An innovative design for the classification of heating units

The residential building-heating sector absorbs approximately 33% of the national energy requirements. Considering the global situation from the standpoint of both the environment and fuel costs, it has become necessary to study the behaviour of heating plants and their components more in depth. In this respect, important role is played by the optimization of the interaction between the terminal heating unit (or heat source) and the environment to be heated.

To achieve this aim, fondital asked Angelantoni Industries to implement the innovative design by Renzo Marchesi, engineer and Full professor of Industrial Technical Physics at the Piacenza Campus of the Politecnic Institute of Milan.

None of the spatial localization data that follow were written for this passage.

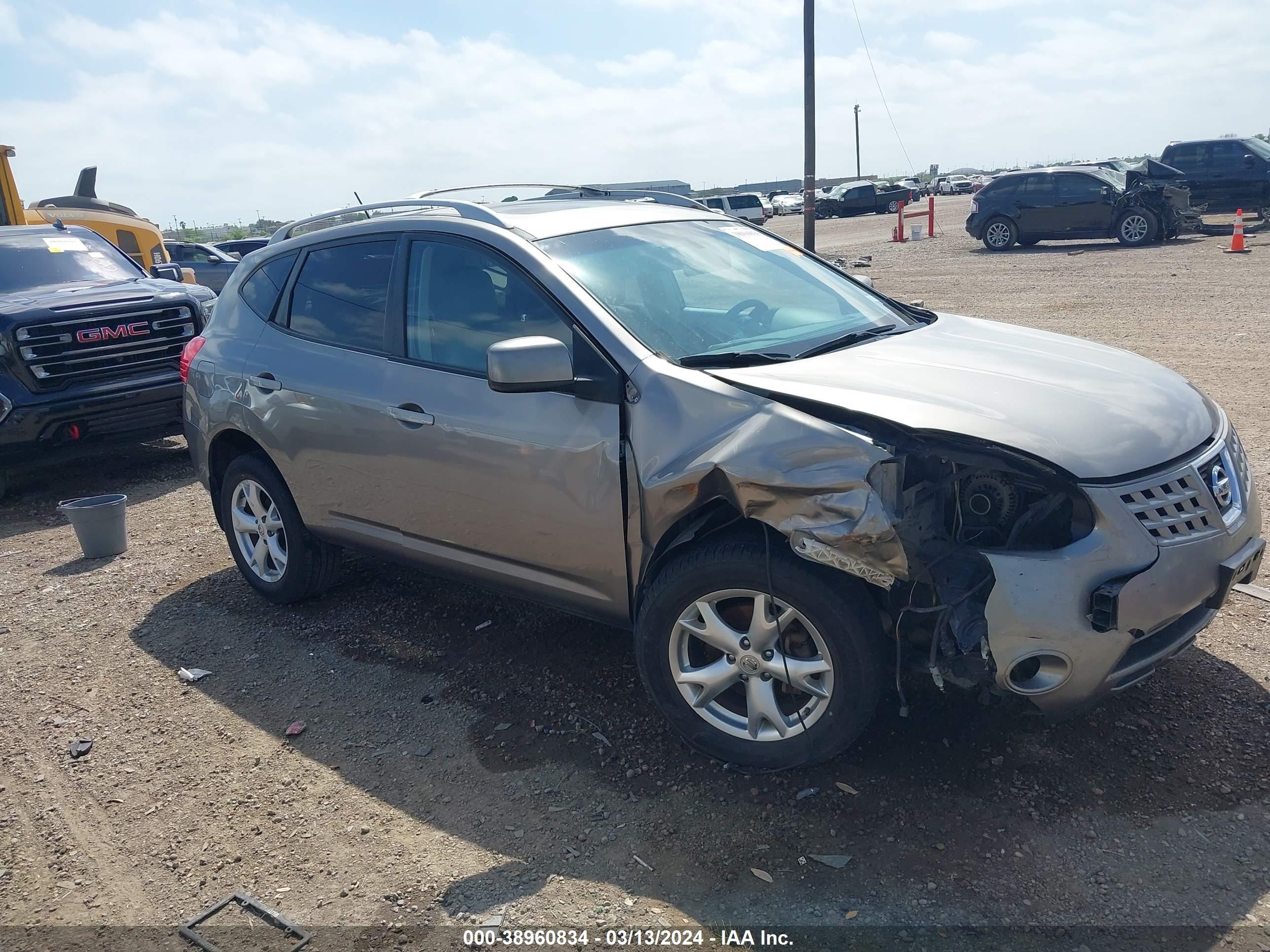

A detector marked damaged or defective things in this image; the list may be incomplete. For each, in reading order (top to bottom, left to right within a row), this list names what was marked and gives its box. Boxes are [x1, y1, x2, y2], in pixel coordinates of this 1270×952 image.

damaged nissan rogue [178, 188, 1262, 777]
wrecked vehicle [183, 188, 1262, 777]
crumpled hood [710, 313, 1215, 481]
wrecked vehicle [966, 164, 1207, 254] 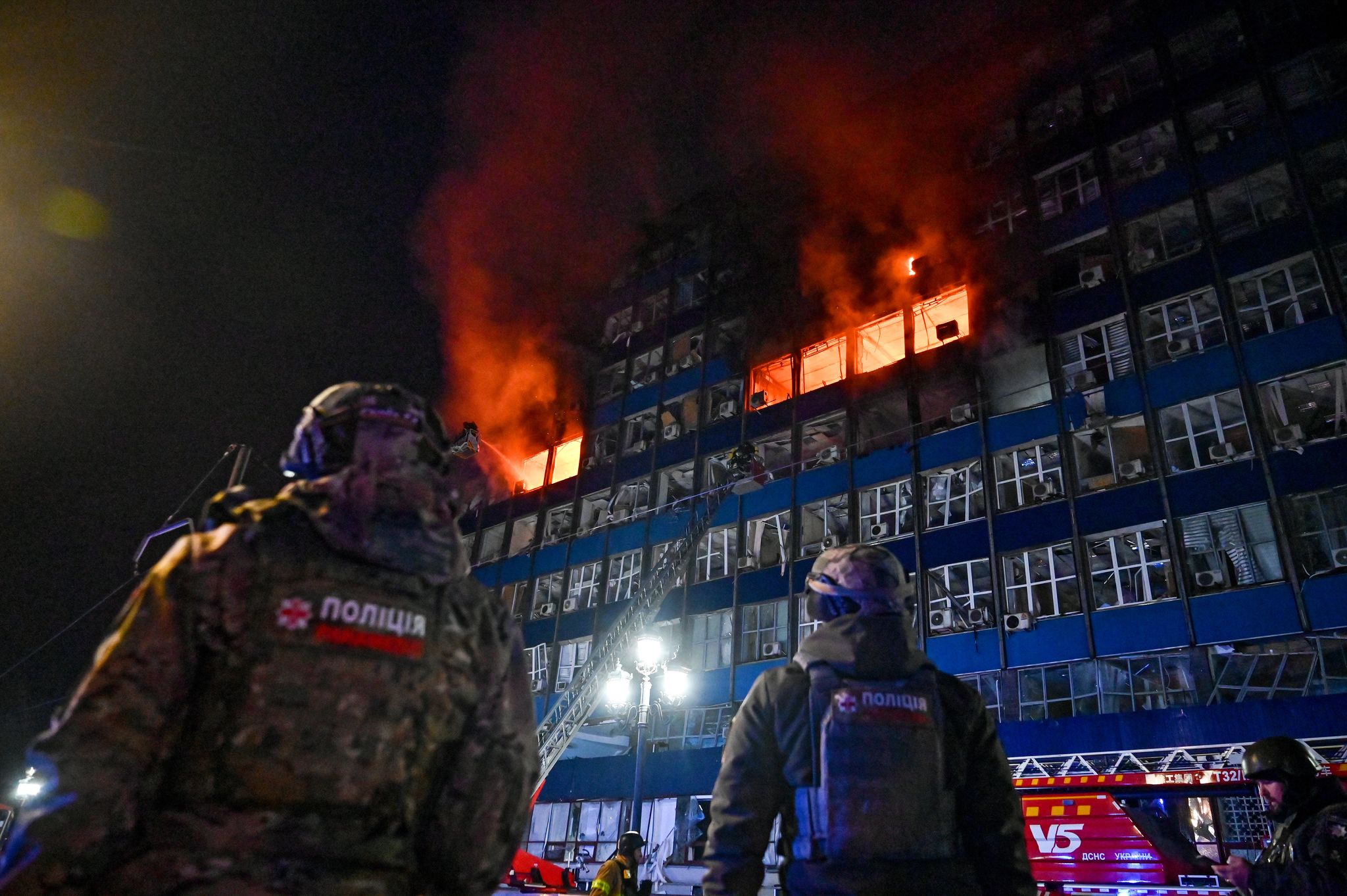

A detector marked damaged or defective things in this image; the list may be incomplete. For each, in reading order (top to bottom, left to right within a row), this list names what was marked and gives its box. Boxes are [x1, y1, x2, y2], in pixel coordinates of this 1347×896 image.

broken window [1190, 82, 1260, 155]
broken window [1034, 151, 1099, 219]
broken window [1120, 199, 1207, 271]
broken window [1137, 286, 1233, 363]
broken window [1228, 251, 1331, 339]
broken window [622, 409, 660, 454]
broken window [748, 352, 787, 409]
broken window [743, 508, 792, 573]
broken window [797, 335, 840, 390]
broken window [797, 409, 840, 468]
broken window [797, 492, 851, 554]
broken window [862, 473, 916, 538]
broken window [991, 438, 1061, 508]
broken window [1072, 414, 1158, 492]
broken window [1083, 519, 1169, 611]
broken window [1158, 390, 1250, 473]
broken window [1180, 503, 1282, 592]
broken window [1255, 360, 1347, 444] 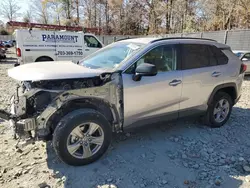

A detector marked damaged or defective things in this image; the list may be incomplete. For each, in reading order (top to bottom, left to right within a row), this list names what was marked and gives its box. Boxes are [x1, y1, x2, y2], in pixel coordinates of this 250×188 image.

crumpled hood [7, 60, 105, 81]
damaged front end of suv [0, 61, 124, 145] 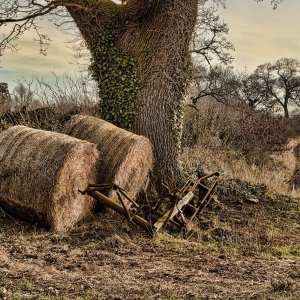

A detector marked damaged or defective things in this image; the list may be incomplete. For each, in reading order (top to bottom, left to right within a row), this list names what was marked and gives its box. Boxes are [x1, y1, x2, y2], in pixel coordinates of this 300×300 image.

This design is based on the creation of special Thermostatic Test Chambers for classifying the carious terminal heating units.

The system developed in addition to providing accurate measurements in compliance with the European standard EN 442 enables the additional assessments necessary for determining more realistic evaluation indices for the different types of terminal heating units.

System description

Thermostatic chamber and plant engineering for the control of wall temperature

The main facility consists of three climatic chambers:

  1. This consists of walls cooled by a cryogenic cooling fluid having structural characteristics indicted in standard EN 442. This principle has already been used by ANGELANTONI INDUSTRIE for the famous chambers for Otzi the Similauni Mummy.
  2. The central panels of the wall behind the heating unit (ref EN 442) receive fluid by means of an autonomous circuit permitting the simulation of cold surfaces.
  3. In order to guarantee greater accuracy in controlling the temperature, two cooling sources have been provided. The working temperature range is between -10°C and +40°C.
  4. A special device combined with a controlled and positionable ventilation system makes it possible to evaluate the influence of the make-up air on the temperature distribution inside the thermostatic chamber and on the power exchanged.
  5. The temperature measurements are obtained through a mapping of different positions on the air and the walls.
  6. The mean radiant temperature is measured using special dedicated instruments.
  7. For the other measurements - velocity and flow - at least two simultaneous measurement points and three flow meters are used.
  8. NOTE:P using the configuration indicted, a great variety of plant thermal situations can be reproduced, these can be used to compare the energy performance of heating and cooling terminals.

    Plant design for control of the heating unit temperature and flow rate

    Different terminal heating units vary considerably in their heat transfer fluid flow rate requirements. A flow rate control system is necessary that can ensure a constant value.

    Measurement instruments

    1. Primary supply system
      For the primary system supplying the heat transfer fluid to the terminal heating unit, a thermostat control system is necessary to ensure that the temperature remains stable, with an accuracy of ±0.5°C.
    2. Secondary supply system
      The housing of the test chamber is externally adiabatic, whereas it exchanges thermal energy with the internal air and directly by thermal radiation with the heating unit. For the purpose of a correct quantification of the phenomena surface temperature must be accurately determined. The method envisages the measurement of the incoming and outgoing temperature of every panel, the verification of the surface uniformity and a precise measurement.
    3. Radiation measurement
      Radiation measurement
      The flow exchanged by radiation is of great importance as far as thermal comfort is concerned. Values must be measured with extreme accuracy. In addition to the surface temperatures, the operating temperature and measurement of the radiosity are very important.
    4. Thermal and thermo fluid dynamics fields For the determination of the convective flow, a detailed knowledge of the thermal field and velocity field is necessary. An appropriate grid of sensors provides the essential information.